Obama not only grew up in a foreign environment—Indonesia—he also had one parent who was foreign. Granted, his father didn’t have much direct influence on him, but if Dreams From My Father is any indication, the idea of his exotic father did. Offhand, I can’t think of any previous president with that sort of story. Obama also has never released his academic records, so we have no idea how much American history he ever studied, although we can certainly imagine the subject was on the agenda at Punahoe. But that was a long, long time ago.
It’s interesting to take a look back to the 2008 campaign in light of all this. Apparently, Hillary Clinton strategist Mark Penn sensed this issue early on, and advised Hillary to paint Obama as “foreign.” She declined, and focused on his inexperience instead. I don’t think the “foreign” strategy would have worked well during that campaign, but Penn’s sense of it was correct, and subsequent events have borne that out:
In a March 2007 memo to the candidate, Mark Penn, a longtime pollster and strategist for the Clintons, urged the New York senator’s campaign to paint Barack Obama as “fundamentally” foreign…
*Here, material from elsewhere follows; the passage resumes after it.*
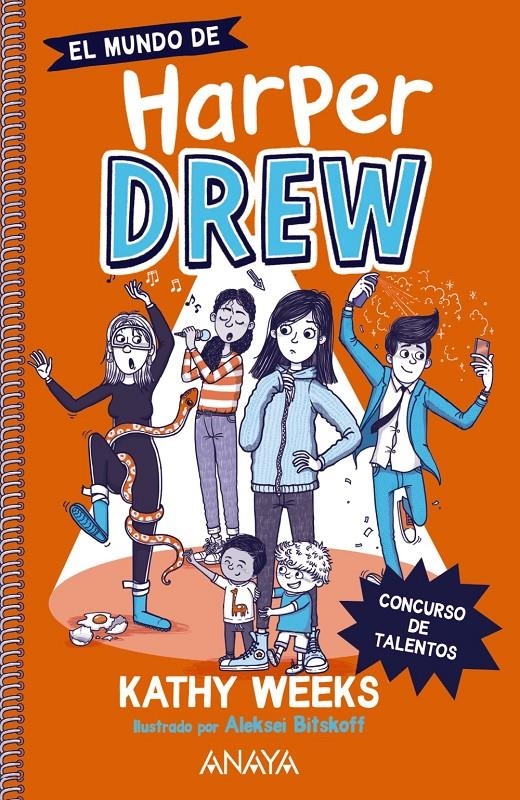MUNDO DE HARPER DREW, EL Nº2: CONCURSO DE TALENTOS [RUSTICA] | WEEKS, KATHY | Akira Comics  - libreria donde comprar comics, juegos y libros online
The March 19, 2007, memo included a section titled “Lack of American Roots,” in which Penn recommended making an issue of Obama’s “diverse, multicultural” upbringing. Obama was born in Hawaii and spent part of his childhood in Indonesia before returning to Hawaii to live with his grandparents.
Obama’s “roots to basic American values and culture are at best limited,” Penn wrote. “I cannot imagine America electing a president during a time of war who is not at his center fundamentally American in his thinking and his values.”
To avoid an overt attack, Penn recommended emphasizing the word “American” in Clinton’s various campaign messages — drawing a contrast to Obama but in subtler form…
Penn’s strategy was considered but dismissed, said a former campaign aide who spoke on condition of anonymity in order to be more forthcoming.
“Even if you concluded it would be a useful line of attack, some of us were queasy about it,” he said. “It’s fair to say that most people thought it would really rebound on her.”
Now we’re all feeling queasy. The “dog-eating Obama” story is a way to laugh at the whole phenomenon while at the same time acknowledging its power.
In 2008, Obama knew the foreigner meme might be tried, and he cleverly finessed it, just in case anyone had the temerity to attempt it. Remember when he said “They’ll say I have a funny name. They’ll say I don’t look those other guys on the dollar bills”? We all thought he was talking about race, but dummy us. I now think he was talking about this sense of foreignness as well as race, and making sure that no one would dare to raise the issue. And they didn’t.